Catatan : Marah Sakti Siregar
IMBCNEWS | Jakarta, Tak ada kamus pensiun berkarya bagi wartawan. Apalagi “wartawan pejuang”. Begitulah prinsip hidup wartawan veteran Muhammad Tok Wan Haria (TWH).
Usianya kini 90 tahun. Sekitar 65 tahun sudah dilakoninya sebagai wartawan tiga zaman di Aceh dan Medan.
Dari kurun waktu itu, selama 36 tahun (1954-1990) di antaranya dijalaninya dengan bekerja sejak reporter kota dan reporter olahraga. Lalu jadi redaktur olahraga sampai kemudian menjadi wakil pimpinan redaksi di koran legendaris Medan: ‘Mimbar Umum’. (Nama awal ketika terbit pada 6 November 1945, ‘Mimbar Oemoem’).

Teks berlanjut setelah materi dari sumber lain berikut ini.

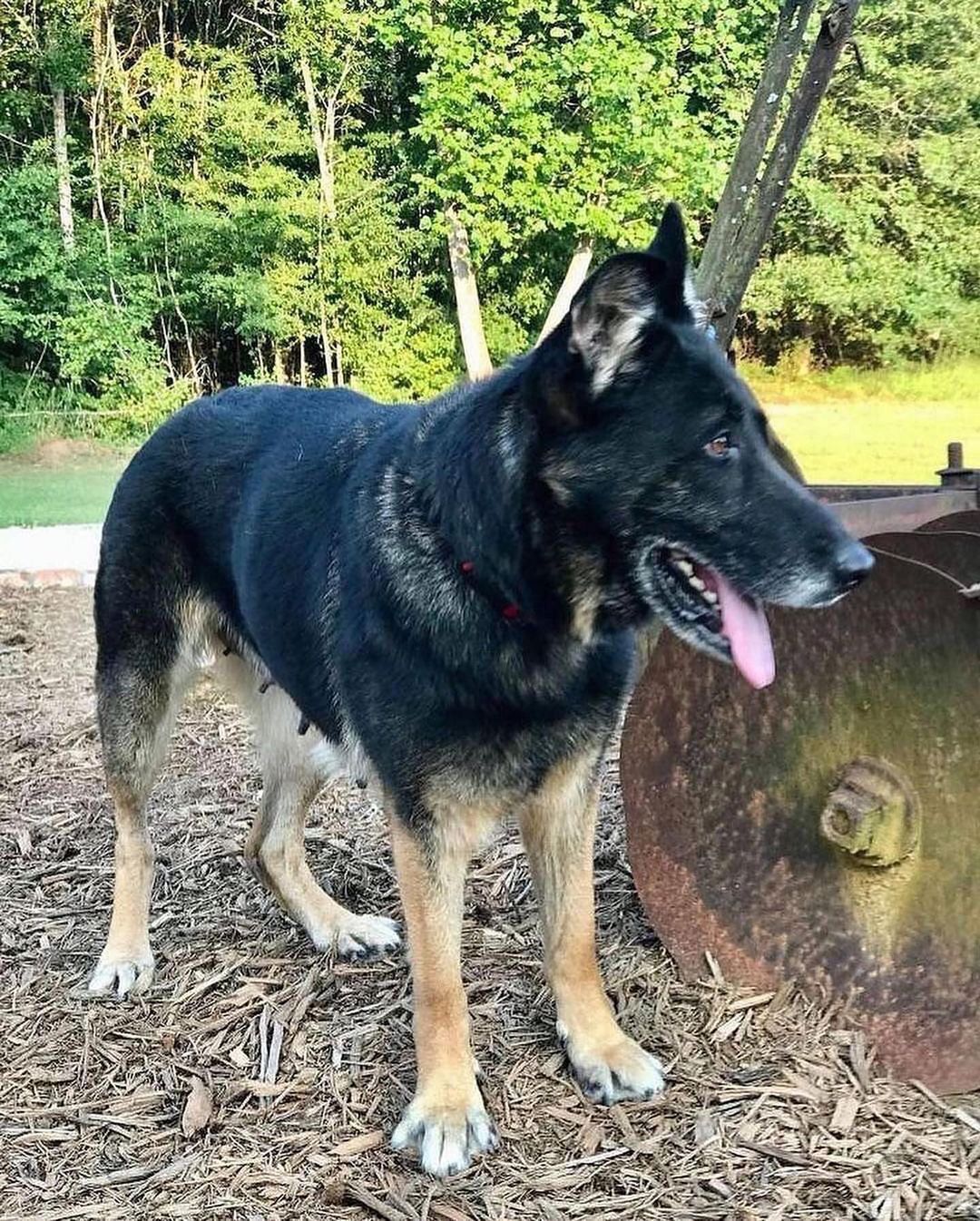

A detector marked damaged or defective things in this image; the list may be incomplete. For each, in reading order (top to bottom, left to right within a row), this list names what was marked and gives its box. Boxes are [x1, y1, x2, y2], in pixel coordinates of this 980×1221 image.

rusty metal disk [621, 519, 980, 1089]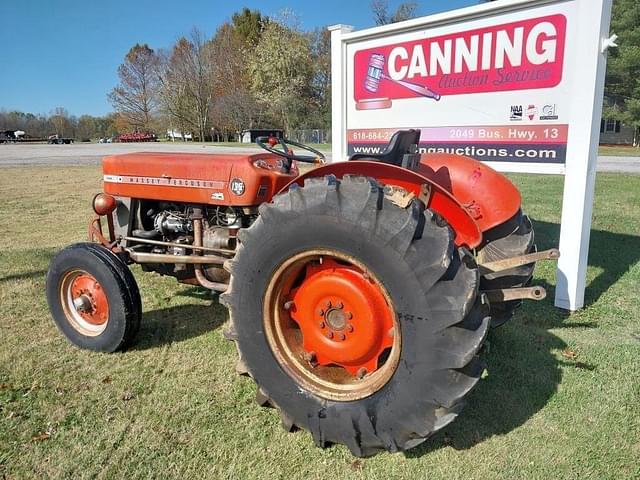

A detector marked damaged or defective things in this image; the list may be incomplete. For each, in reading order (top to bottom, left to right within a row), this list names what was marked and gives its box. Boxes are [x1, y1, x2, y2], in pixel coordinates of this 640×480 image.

rusty wheel center [59, 272, 109, 336]
rusty wheel center [262, 251, 398, 402]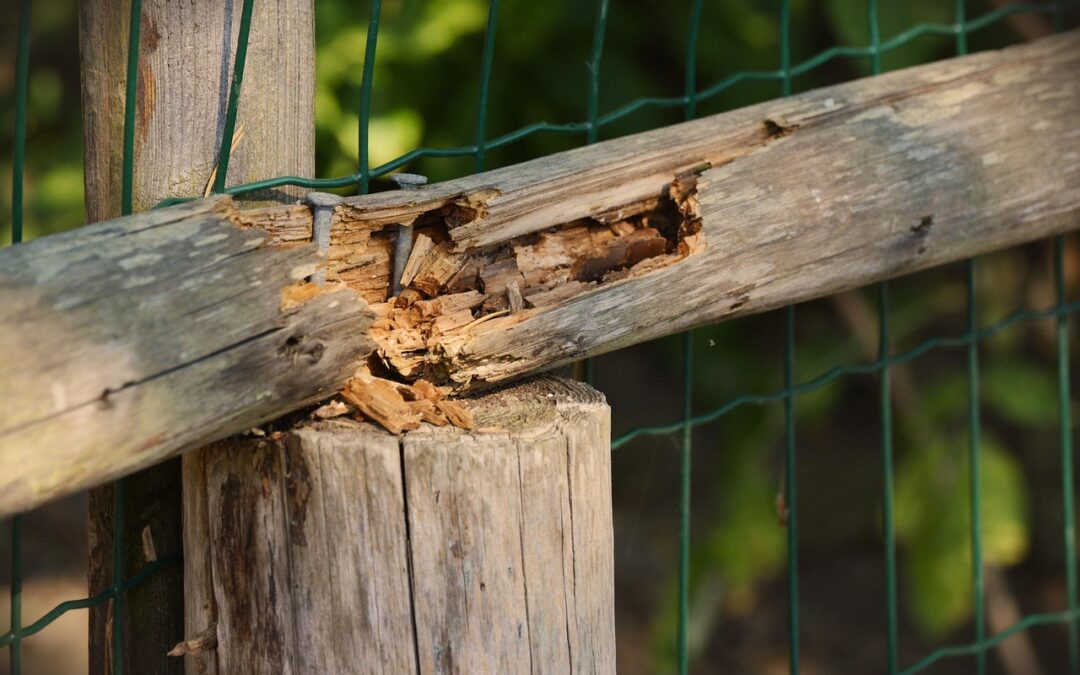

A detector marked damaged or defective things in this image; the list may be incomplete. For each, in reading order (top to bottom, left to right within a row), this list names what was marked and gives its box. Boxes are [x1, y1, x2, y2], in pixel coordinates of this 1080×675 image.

damaged wood [0, 197, 376, 516]
damaged wood [238, 30, 1080, 390]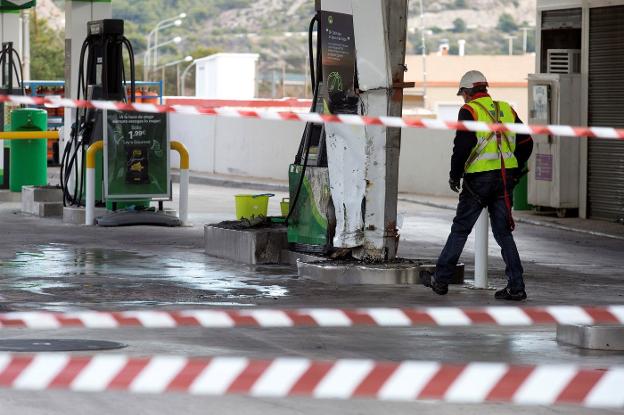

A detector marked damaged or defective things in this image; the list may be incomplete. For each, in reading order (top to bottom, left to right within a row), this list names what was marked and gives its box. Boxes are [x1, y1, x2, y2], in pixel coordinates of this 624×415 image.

damaged fuel pump [61, 19, 135, 208]
damaged fuel pump [286, 4, 358, 255]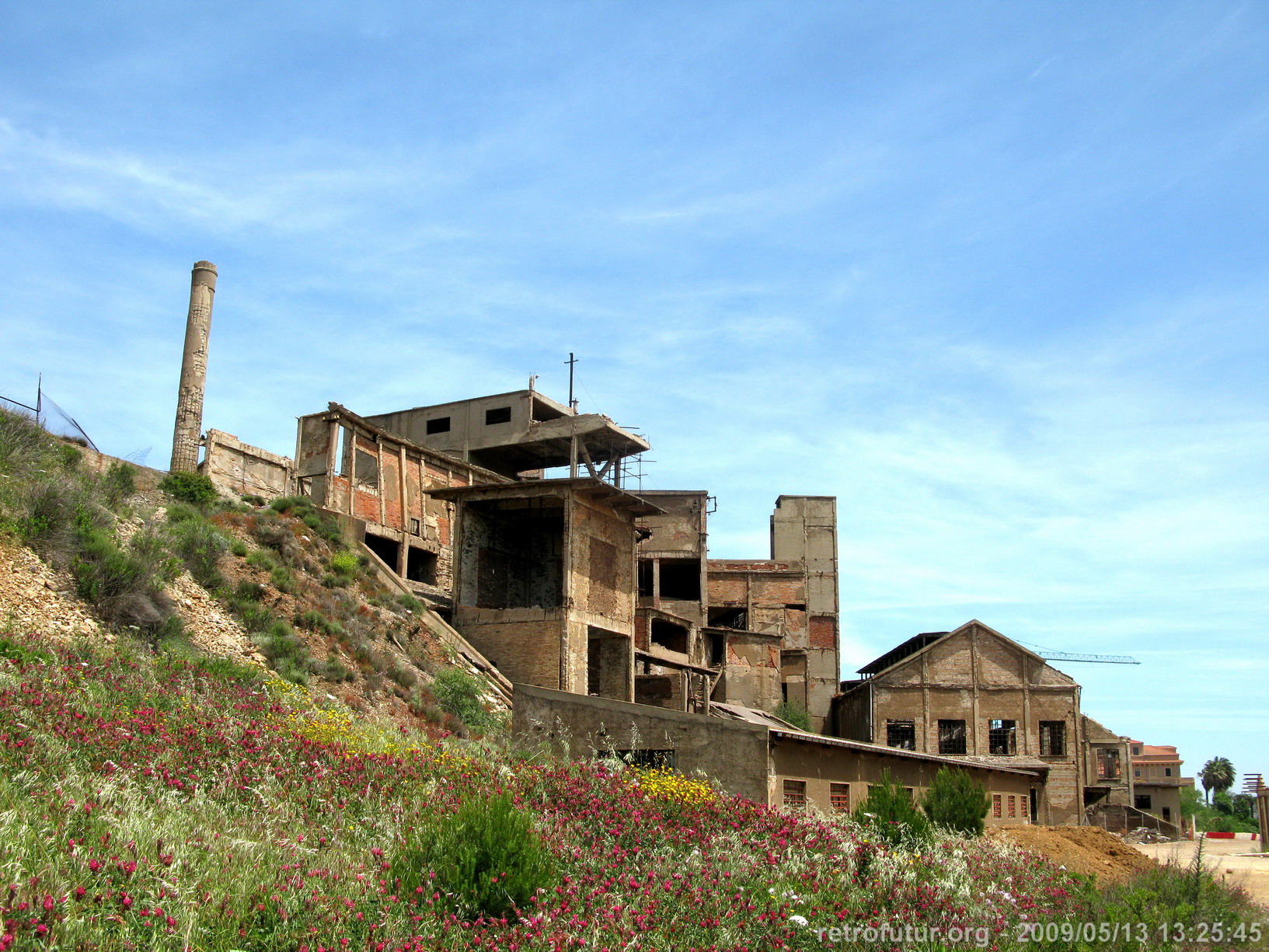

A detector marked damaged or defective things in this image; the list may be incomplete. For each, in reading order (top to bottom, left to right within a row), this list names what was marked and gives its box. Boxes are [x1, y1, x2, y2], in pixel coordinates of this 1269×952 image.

broken window frame [888, 720, 919, 751]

Selama berkiprah puluhan tahun sebagai wartawan di ‘Mimbar Umum’, TWA rupanya tak sekedar meliput di dalam dan luar negeri serta menulis. Dia juga suka dan telaten memotret, menyimpan foto-foto dan mengoleksi pelbagai dokumentasi serta arsip terutama terkait sejarah perjuangan bangsa termasuk apa saja materi yang diliputnya. Semua dokumentasi itu dia simpan rapi di rumahnya.
Kesukaan mengoleksi dan menyimpan dokumentasi itu kemudian dia tularkan di kantornya. Ketika jadi wakil pemimpin redaksi, dia sering menugaskan stafnya untuk pergi mencari pelbagai dokumentasi penting untuk mengisi perpustakaan.

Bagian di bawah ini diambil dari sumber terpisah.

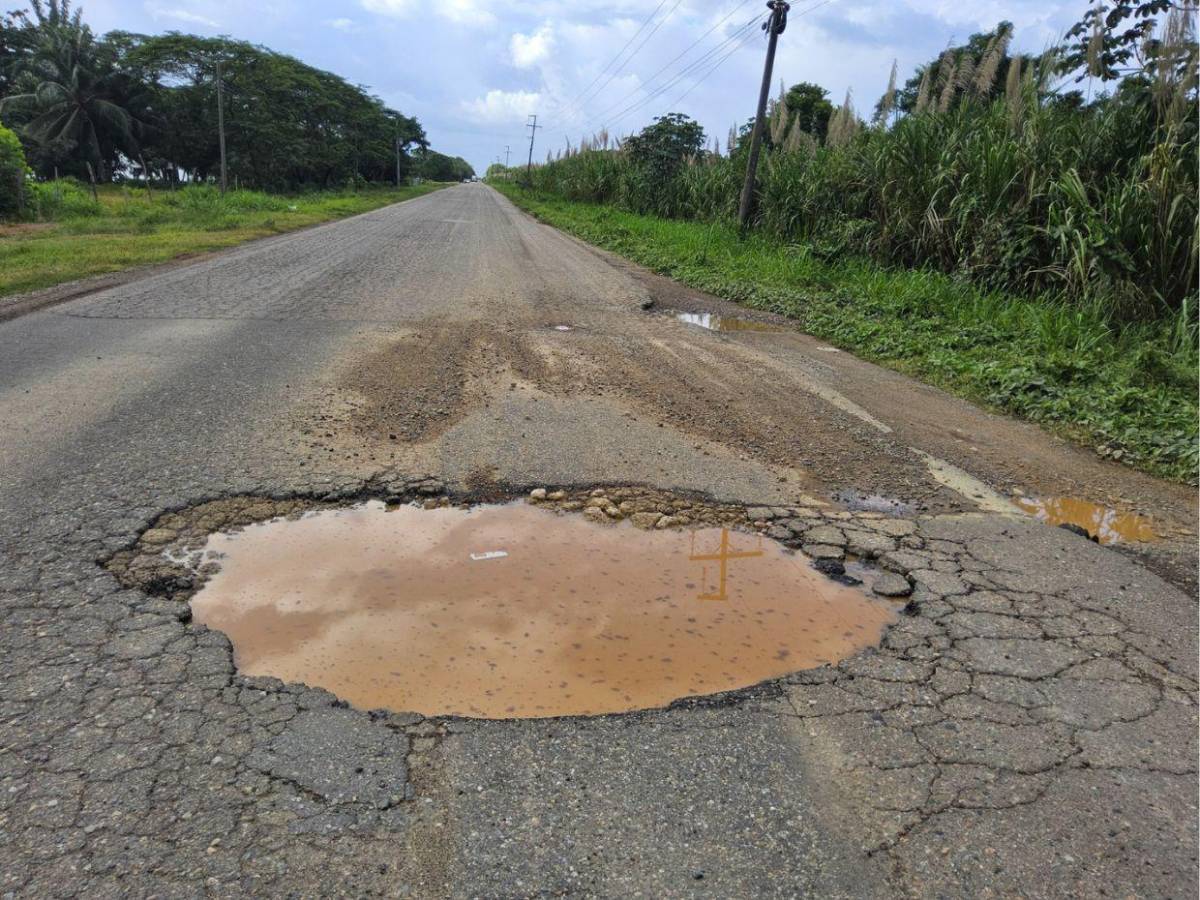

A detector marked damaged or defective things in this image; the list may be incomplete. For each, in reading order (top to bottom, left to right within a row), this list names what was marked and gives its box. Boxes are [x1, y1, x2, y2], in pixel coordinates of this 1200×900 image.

muddy water in pothole [672, 314, 782, 336]
large pothole [112, 482, 907, 724]
muddy water in pothole [192, 501, 897, 720]
cracked asphalt surface [0, 187, 1195, 897]
muddy water in pothole [1012, 496, 1152, 547]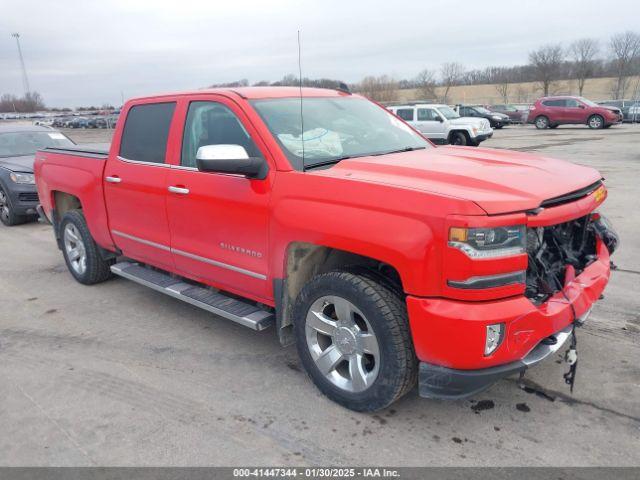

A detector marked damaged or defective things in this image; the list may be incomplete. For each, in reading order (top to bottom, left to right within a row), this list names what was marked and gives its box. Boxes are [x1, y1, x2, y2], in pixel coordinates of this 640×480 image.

damaged hood [322, 146, 604, 214]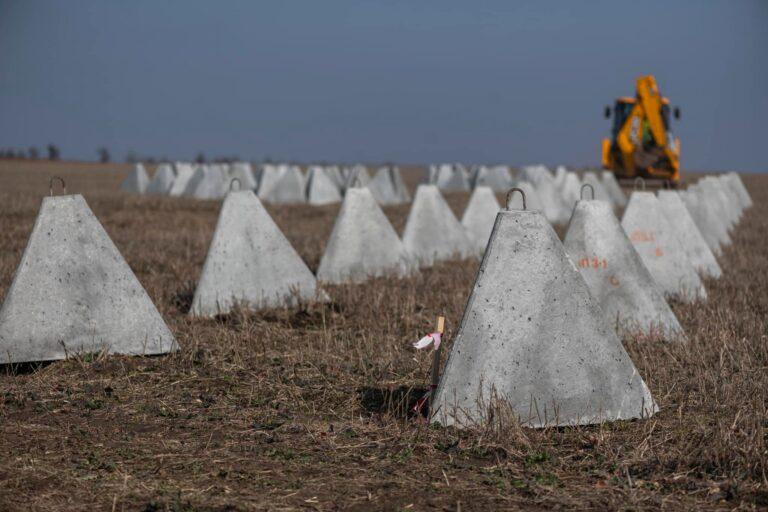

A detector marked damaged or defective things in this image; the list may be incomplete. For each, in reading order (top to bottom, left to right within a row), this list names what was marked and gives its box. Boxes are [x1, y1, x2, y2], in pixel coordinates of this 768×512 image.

rusty metal hook [48, 178, 66, 198]
rusty metal hook [508, 188, 524, 210]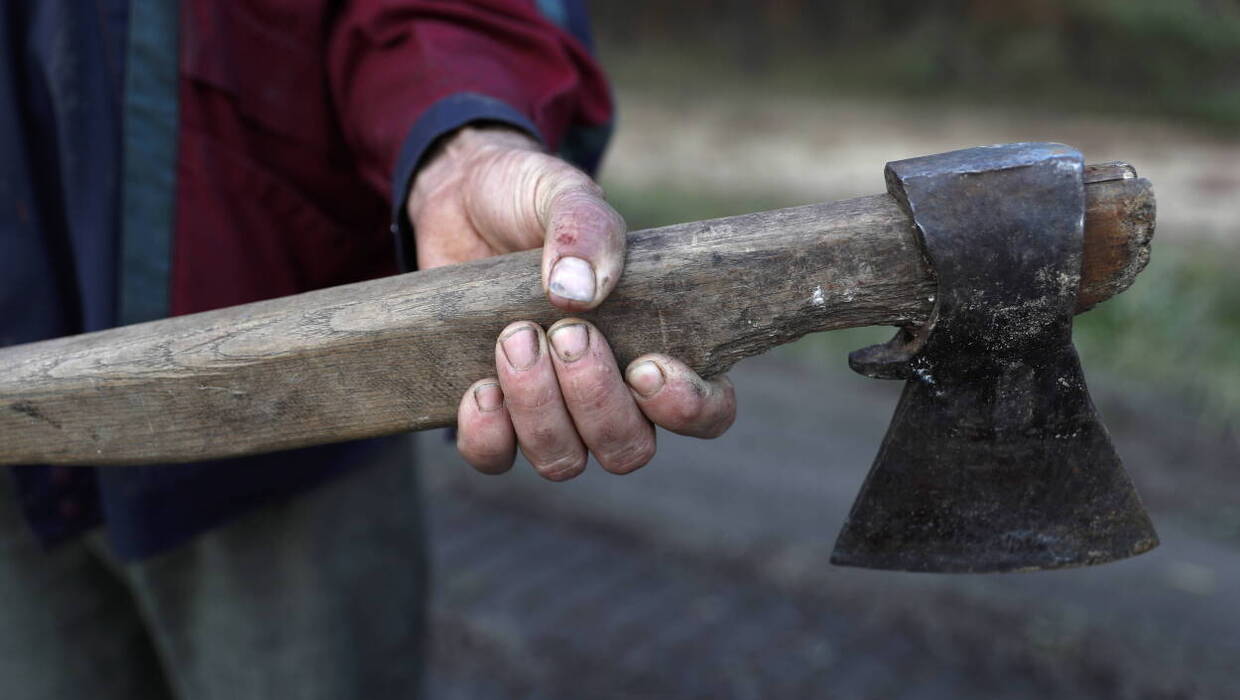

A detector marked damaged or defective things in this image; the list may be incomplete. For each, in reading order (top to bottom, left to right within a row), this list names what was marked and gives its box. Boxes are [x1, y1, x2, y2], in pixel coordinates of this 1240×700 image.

rusty metal axe head [833, 143, 1160, 572]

“Karena saya yakin suatu saat semua dokumen itu akan sangat berguna. Terutama untuk generasi muda, ” ujar TWH, wartawan penerima gelar kehormatan Veteran Pejuang Kemerdekaan Golongan B dari Departemen Pertahanan Keamanan RI.

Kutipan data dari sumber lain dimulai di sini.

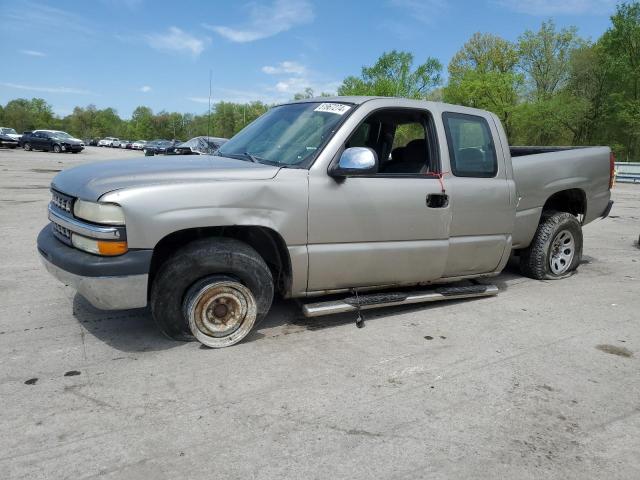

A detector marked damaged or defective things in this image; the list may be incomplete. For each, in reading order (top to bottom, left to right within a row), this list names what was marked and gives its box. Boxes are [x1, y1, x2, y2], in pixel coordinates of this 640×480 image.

rusty wheel [182, 276, 258, 346]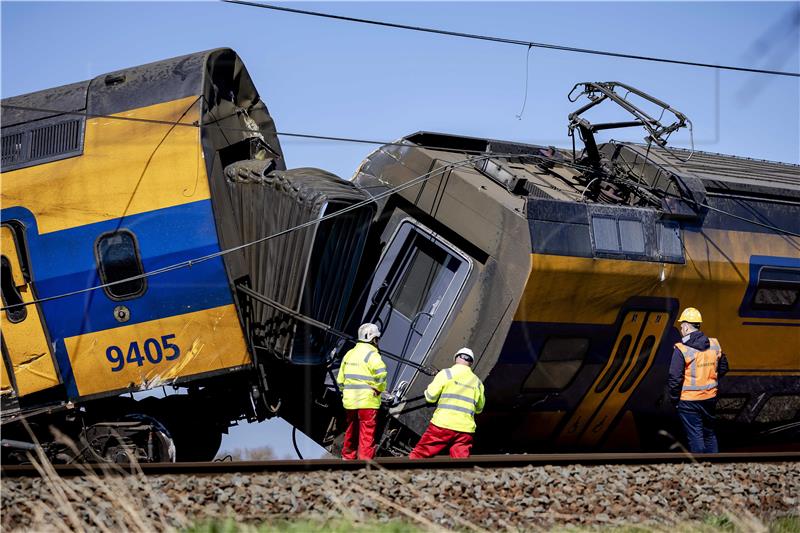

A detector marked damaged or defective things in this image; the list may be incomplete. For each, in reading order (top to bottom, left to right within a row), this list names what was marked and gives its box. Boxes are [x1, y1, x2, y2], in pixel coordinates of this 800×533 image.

damaged train bodywork [1, 48, 800, 462]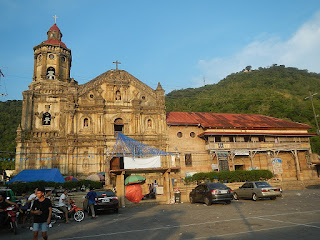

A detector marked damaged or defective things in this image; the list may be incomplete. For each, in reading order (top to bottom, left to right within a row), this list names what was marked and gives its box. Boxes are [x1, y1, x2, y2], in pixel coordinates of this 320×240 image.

rusty corrugated roof [166, 112, 312, 129]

Tahun ini, berbarengan dengan perayaan Hari Pers Nasional 2023 yang digelar di Medan, TWH kembali mendapat penghargaan. Kali ini dari Panitia Pusat HPN 2023. Berupa Penghargaan Kepeloporan Pers atas perannya sebagai Tokoh Pers Tiga Jaman. Sebuah penghargaan yang tepat sasaran.
Lahir di Geudong Samudra Pasai, Aceh Utara, pada 15 November 1932, TWH memang dibesarkan di era perjuangan kemerdekaan RI. Ayahnya A. Rahman TWH adalah seorang pejuang kemerdekaan di Aceh Utara.
Dalam usia belasan tahun ketika masih sekolah di Sekolah Menengah Islam (SMI) di Lhokseumawe, Muhammad TWH ikut berjuang dan bergabung dalam Tentara Pelajar Indonesia ( TPI) di kampungnya. Dia menjadi anggota Penerangan Tentara Resimen V Divisi X. Dalam tugas itulah dia berkenalan dengan dunia siaran radio.
Ia memulai karier sebagai koresponden Radio Perjuangan ‘Rimba Raya’. Lalu, menjadi penerbit surat kabar stensilan ‘ Suasana’. Surat kabar ini khusus menyiarkan berita-berita perang kemerdekaan di bawah supervisi Seksi Penerangan Resimen V Divisi X.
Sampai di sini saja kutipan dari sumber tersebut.